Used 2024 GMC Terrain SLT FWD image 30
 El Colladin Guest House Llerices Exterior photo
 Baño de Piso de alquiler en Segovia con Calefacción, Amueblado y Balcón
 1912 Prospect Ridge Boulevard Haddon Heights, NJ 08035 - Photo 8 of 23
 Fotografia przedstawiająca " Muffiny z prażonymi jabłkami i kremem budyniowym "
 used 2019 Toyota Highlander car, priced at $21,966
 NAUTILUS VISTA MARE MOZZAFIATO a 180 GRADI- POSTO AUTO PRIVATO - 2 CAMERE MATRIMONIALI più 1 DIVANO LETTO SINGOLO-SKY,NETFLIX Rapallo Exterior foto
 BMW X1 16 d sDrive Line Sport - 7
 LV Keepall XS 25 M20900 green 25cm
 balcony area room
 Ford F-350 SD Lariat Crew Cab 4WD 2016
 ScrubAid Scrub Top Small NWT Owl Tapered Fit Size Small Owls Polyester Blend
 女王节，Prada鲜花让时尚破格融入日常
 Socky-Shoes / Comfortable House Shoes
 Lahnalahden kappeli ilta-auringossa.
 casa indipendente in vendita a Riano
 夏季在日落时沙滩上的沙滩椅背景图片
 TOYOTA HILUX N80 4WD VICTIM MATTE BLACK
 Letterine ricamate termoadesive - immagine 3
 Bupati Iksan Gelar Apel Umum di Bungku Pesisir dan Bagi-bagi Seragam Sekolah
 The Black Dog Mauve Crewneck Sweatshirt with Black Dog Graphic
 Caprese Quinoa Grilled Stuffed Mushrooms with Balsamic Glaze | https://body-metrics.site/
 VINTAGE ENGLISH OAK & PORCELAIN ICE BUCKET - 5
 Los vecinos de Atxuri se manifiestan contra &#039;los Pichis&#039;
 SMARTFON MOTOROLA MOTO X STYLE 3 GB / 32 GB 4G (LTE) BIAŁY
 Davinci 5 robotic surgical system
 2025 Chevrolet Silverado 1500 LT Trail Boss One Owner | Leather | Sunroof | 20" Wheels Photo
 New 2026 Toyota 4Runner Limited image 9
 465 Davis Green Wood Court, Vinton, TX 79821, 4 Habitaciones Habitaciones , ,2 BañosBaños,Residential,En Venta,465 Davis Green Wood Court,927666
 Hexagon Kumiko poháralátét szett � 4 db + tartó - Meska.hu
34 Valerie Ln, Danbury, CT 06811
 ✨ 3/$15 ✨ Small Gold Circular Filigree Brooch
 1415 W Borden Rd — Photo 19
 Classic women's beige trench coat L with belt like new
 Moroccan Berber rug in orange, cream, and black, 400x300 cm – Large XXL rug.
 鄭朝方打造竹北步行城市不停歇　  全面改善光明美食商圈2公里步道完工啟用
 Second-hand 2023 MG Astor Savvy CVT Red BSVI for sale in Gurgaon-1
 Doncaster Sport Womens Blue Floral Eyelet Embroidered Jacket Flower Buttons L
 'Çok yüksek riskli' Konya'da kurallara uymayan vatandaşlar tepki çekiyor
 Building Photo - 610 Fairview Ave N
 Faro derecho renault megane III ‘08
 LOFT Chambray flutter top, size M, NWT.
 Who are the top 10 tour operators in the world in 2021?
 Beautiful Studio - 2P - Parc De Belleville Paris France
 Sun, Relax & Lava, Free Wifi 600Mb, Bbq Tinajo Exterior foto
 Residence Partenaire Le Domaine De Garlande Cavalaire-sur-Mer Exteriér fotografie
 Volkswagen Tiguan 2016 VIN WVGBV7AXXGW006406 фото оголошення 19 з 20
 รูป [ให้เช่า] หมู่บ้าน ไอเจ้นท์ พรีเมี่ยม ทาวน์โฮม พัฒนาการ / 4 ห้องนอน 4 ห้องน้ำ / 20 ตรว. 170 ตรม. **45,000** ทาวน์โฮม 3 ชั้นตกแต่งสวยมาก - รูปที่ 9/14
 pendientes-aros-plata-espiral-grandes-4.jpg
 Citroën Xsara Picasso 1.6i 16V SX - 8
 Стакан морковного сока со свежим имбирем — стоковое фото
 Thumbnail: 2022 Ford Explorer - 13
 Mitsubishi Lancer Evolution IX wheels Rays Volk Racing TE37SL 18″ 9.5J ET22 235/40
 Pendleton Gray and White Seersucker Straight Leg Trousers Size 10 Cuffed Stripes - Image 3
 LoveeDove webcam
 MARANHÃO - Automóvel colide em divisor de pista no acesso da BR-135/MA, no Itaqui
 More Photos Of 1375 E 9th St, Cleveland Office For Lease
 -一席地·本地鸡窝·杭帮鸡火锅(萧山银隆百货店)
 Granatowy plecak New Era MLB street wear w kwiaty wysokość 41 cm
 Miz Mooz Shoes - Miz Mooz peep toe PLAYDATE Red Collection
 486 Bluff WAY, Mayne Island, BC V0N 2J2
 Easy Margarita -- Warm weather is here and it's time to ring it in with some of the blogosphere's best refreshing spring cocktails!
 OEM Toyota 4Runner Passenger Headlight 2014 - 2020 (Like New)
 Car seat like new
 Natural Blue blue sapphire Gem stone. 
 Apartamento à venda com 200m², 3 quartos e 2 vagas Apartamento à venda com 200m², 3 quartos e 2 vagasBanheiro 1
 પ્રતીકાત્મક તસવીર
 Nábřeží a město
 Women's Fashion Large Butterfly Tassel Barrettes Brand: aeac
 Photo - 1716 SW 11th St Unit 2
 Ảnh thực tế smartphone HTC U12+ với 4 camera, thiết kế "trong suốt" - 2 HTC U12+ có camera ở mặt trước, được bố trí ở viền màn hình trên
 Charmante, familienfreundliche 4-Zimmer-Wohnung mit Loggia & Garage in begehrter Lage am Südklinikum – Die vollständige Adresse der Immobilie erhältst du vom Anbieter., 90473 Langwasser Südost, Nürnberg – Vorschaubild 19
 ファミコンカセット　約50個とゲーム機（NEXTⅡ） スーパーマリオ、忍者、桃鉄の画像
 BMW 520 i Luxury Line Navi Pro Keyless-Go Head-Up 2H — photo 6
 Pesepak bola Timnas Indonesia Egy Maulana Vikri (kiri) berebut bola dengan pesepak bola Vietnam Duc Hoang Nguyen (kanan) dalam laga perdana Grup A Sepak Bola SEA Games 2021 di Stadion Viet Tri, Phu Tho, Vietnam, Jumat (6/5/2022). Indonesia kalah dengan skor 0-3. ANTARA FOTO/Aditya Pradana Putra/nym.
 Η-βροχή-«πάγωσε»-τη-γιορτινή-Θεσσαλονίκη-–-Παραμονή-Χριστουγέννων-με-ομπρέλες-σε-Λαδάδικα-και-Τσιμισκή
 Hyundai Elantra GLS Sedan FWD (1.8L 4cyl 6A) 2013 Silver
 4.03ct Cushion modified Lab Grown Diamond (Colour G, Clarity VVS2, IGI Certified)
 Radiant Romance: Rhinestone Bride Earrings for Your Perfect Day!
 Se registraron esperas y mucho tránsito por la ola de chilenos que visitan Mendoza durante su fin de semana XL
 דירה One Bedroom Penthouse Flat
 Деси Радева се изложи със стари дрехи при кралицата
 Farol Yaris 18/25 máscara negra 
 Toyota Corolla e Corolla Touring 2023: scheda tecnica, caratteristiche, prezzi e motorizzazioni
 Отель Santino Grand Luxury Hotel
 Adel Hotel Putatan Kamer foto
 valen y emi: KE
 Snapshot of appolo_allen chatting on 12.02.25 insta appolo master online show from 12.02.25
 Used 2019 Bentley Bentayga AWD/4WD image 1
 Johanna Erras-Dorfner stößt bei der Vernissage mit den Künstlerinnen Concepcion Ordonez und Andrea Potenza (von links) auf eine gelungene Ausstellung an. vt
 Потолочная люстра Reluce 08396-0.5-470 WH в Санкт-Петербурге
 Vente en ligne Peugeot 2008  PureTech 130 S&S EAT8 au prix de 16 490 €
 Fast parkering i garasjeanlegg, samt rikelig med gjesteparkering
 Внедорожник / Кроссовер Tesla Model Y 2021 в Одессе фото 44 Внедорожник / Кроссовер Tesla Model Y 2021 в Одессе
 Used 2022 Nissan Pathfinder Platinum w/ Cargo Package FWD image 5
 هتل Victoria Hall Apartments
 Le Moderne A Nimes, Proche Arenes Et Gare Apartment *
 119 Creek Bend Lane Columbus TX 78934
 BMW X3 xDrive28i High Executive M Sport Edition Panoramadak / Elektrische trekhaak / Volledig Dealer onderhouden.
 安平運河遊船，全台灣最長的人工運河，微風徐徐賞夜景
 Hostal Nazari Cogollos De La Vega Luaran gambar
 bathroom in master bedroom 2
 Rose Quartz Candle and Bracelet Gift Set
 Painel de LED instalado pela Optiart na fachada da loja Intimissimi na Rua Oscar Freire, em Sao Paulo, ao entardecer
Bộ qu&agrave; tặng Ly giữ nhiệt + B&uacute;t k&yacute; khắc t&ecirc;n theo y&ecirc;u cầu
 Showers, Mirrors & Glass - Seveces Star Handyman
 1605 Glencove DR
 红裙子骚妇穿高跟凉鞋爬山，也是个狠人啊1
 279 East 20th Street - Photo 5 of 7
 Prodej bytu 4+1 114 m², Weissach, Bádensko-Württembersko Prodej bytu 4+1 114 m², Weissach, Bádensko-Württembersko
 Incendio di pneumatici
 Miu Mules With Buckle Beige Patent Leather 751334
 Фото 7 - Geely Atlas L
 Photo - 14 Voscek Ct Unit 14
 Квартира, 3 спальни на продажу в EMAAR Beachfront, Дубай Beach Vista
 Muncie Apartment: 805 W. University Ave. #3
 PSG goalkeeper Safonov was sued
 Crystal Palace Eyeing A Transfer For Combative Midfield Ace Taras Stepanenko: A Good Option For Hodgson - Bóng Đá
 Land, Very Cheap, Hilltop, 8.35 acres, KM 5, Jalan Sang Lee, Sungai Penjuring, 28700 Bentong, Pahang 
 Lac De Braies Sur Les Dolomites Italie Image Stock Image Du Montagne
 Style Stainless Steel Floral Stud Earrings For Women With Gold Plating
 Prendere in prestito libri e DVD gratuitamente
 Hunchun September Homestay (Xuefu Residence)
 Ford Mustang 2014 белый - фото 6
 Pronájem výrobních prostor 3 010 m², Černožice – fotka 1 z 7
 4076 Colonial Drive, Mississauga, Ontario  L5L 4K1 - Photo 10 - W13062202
----
(What the exercise asks):
When you answer, output each line of the data exactly as given, from its first line up to and including the one with "SMARTFON MOTOROLA MOTO".

(Solution for this task):
Used 2024 GMC Terrain SLT FWD image 30
 El Colladin Guest House Llerices Exterior photo
 Baño de Piso de alquiler en Segovia con Calefacción, Amueblado y Balcón
 1912 Prospect Ridge Boulevard Haddon Heights, NJ 08035 - Photo 8 of 23
 Fotografia przedstawiająca " Muffiny z prażonymi jabłkami i kremem budyniowym "
 used 2019 Toyota Highlander car, priced at $21,966
 NAUTILUS VISTA MARE MOZZAFIATO a 180 GRADI- POSTO AUTO PRIVATO - 2 CAMERE MATRIMONIALI più 1 DIVANO LETTO SINGOLO-SKY,NETFLIX Rapallo Exterior foto
 BMW X1 16 d sDrive Line Sport - 7
 LV Keepall XS 25 M20900 green 25cm
 balcony area room
 Ford F-350 SD Lariat Crew Cab 4WD 2016
 ScrubAid Scrub Top Small NWT Owl Tapered Fit Size Small Owls Polyester Blend
 女王节，Prada鲜花让时尚破格融入日常
 Socky-Shoes / Comfortable House Shoes
 Lahnalahden kappeli ilta-auringossa.
 casa indipendente in vendita a Riano
 夏季在日落时沙滩上的沙滩椅背景图片
 TOYOTA HILUX N80 4WD VICTIM MATTE BLACK
 Letterine ricamate termoadesive - immagine 3
 Bupati Iksan Gelar Apel Umum di Bungku Pesisir dan Bagi-bagi Seragam Sekolah
 The Black Dog Mauve Crewneck Sweatshirt with Black Dog Graphic
 Caprese Quinoa Grilled Stuffed Mushrooms with Balsamic Glaze | https://body-metrics.site/
 VINTAGE ENGLISH OAK & PORCELAIN ICE BUCKET - 5
 Los vecinos de Atxuri se manifiestan contra &#039;los Pichis&#039;
 SMARTFON MOTOROLA MOTO X STYLE 3 GB / 32 GB 4G (LTE) BIAŁY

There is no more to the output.